Orang ada yang melawan para penjajah Eropa dengan ambil posisi kembali ke 
akar yang tertanam di masa lalu. Tapi pemuda Soekarno tak begitu. Juga 
Hatta, Tan Malaka, dan sebelumnya Tjipto Mangunkusumo dan Soewardi 
Soerjaningrat. Pergerakan menentang kolonialisme Belanda telah melahirkan 
sebuah nasionalisme yang lain: melihat ke depan. Nasionalisme itu berkait 
dengan agenda modernitas.

Bung Karno, dengan prosanya yang penuh api, pernah mencemooh para 
"oude-cultuur maniak" yang "pikiran dan angan-angannya hanya merindui 
candi-candi, Negarakertagama, Empu Tantular dan Panuluh, dan lain-lain 
barang kuno".
Tan Malaka menegaskan bahwa pendapatnya yang dirumuskan sebagai "Madilog" 
(Materialisme, Dialektika, Logika) berlawanan dengan segala yang berhubungan 
dengan mistik dan kegaiban. Tan Malaka, seorang Marxis yang bertahun-tahun 
mengembara di Eropa, menyebut semua yang ditentangnya itu "ketimuran".

Bagi Hatta, sebagaimana dikatakannya pada 1924 di Belanda, Indonesia yang 
muda harus memutuskan semua hubungan dengan masa lampau "untuk membangun 
kehidupan nasional baru yang sesuai dengan tuntutan peradaban modern".
Sebuah konfrontasi tak bisa dielakkan. Nasionalisme itu tak hanya memutuskan 
kaitan dengan masa silam yang setengah feodal, yang sering disebut 
"kebudayaan daerah" atau segala yang dikibarkan sebagai bendera identitas 
lokal. Nasionalisme itu juga ingin melepaskan diri dari adat yang mengikat 
kebebasan, lembaga lama yang menindas perempuan, keyakinan yang tak membuat 
orang mencari informasi baru. Bagi nasionalisme ini, kolonialisme harus 
dihadapi dengan cara yang jadi sumber kekuatan "Barat". Para perintis 
kemerdekaan Indonesia melihat Jepang sebagai tauladan dan Turki baru sebagai 
inspirasi. Dalam sebuah tulisan panjang tentang Turki pada 1940, Bung Karno 
mengutip sebagai pembuka: "Kita datang dari Timur. Kita berjalan menuju 
Barat."

Syahdan, pada 1939 ada sebuah berita tentang Bung Karno: ia meninggalkan 
sebuah rapat Muhammadiyah sebagai protes.
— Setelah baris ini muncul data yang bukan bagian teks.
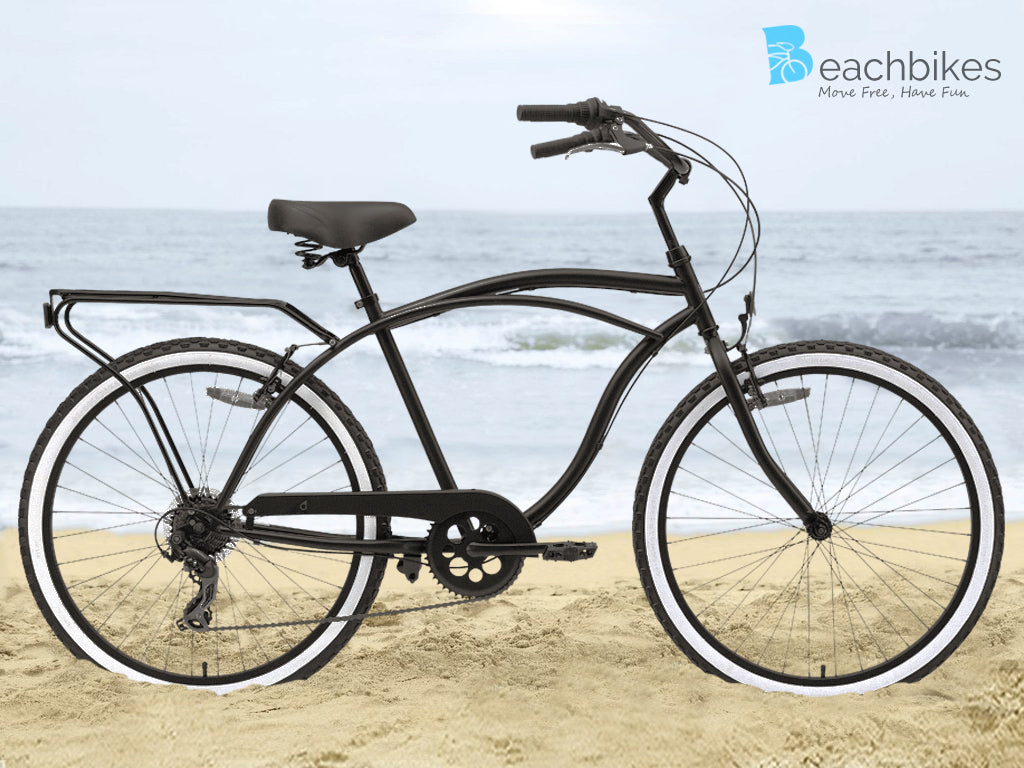 Sixthreezero Men's 26 Inch 7 Speed Bicycle - Matte Black Beach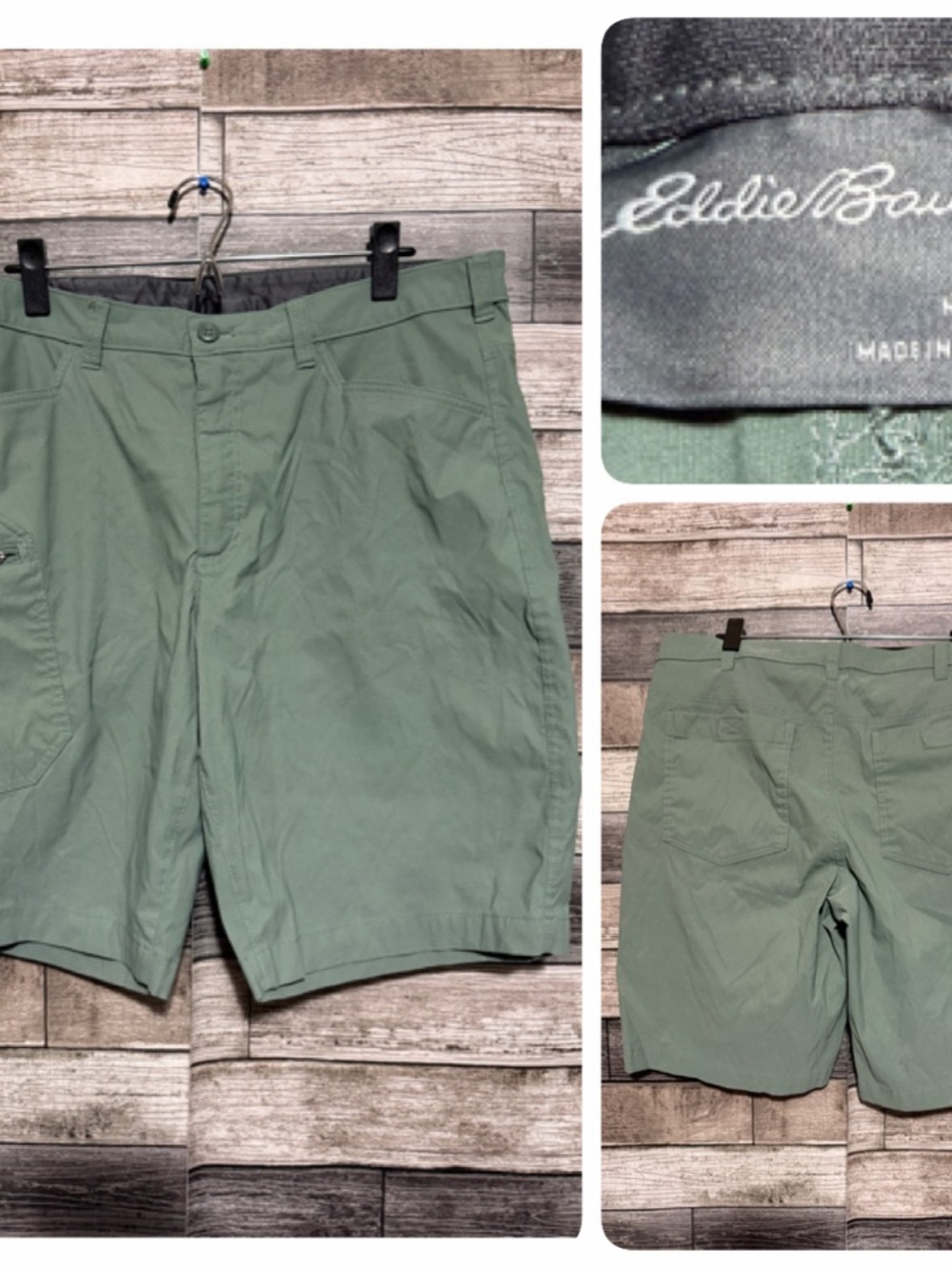 Eddie Bauer Cargo Hiking Shorts Men’s 38 Green Stretch (Inseam 10.5)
Bung Karno tak setuju karena ada 
tabir yang dipasang di sana untuk membatasi tempat perempuan dengan tempat 
laki-laki.
Maka koresponden Antara pun mewawancarainya. Bung Karno menegaskan: tabir 
tampaknya "soal kecil, soal kain yang remeh". Tapi sebenarnya "soal 
mahabesar dan mahapenting", sebab menyangkut posisi sosial perempuan. "Saya 
ulangi: tabir adalah simbol dari perbudakan kaum perempuan!"

Bagi Bung Karno, tabir adalah aturan agama yang lahir dalam sejarah sosial. 
Seperti halnya kolonialisme, "perbudakan" seperti itu bukan hasil dari sabda 
yang kekal. Ia akan berubah. Ia bisa diubah.

Itu sebabnya nasionalisme Indonesia mengandung optimisme. Hatta, misalnya, 
percaya kepada dialektika sejarah yang berakar pada Marxisme: tiap keadaan 
"menimbulkan syarat yang mesti mengubah keadaan itu sendiri".

Tentu, optimisme semacam ini tak selamanya terbukti benar. Tapi sejak awal 
abad ke-20 zaman terasa bergerak. Entah ke mana, tapi banyak hal yang tak 
tumbuh jadi membatu, jadi benda antik atau ditinggalkan.